MATERIAL PROVIDED:

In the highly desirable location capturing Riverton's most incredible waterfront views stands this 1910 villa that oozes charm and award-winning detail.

...

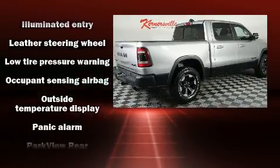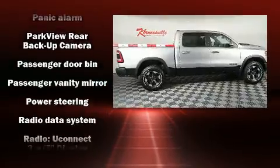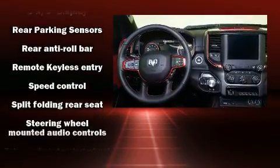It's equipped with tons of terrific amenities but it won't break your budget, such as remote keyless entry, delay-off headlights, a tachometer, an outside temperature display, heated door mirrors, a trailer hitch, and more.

* * *

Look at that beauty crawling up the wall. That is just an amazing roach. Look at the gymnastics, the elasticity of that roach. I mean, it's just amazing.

TASK TO CARRY OUT: Which lines of the listing contain the word "that"? Copy each of them.

YOUR SOLUTION:
In the highly desirable location capturing Riverton's most incredible waterfront views stands this 1910 villa that oozes charm and award-winning detail.
Look at that beauty crawling up the wall. That is just an amazing roach. Look at the gymnastics, the elasticity of that roach. I mean, it's just amazing.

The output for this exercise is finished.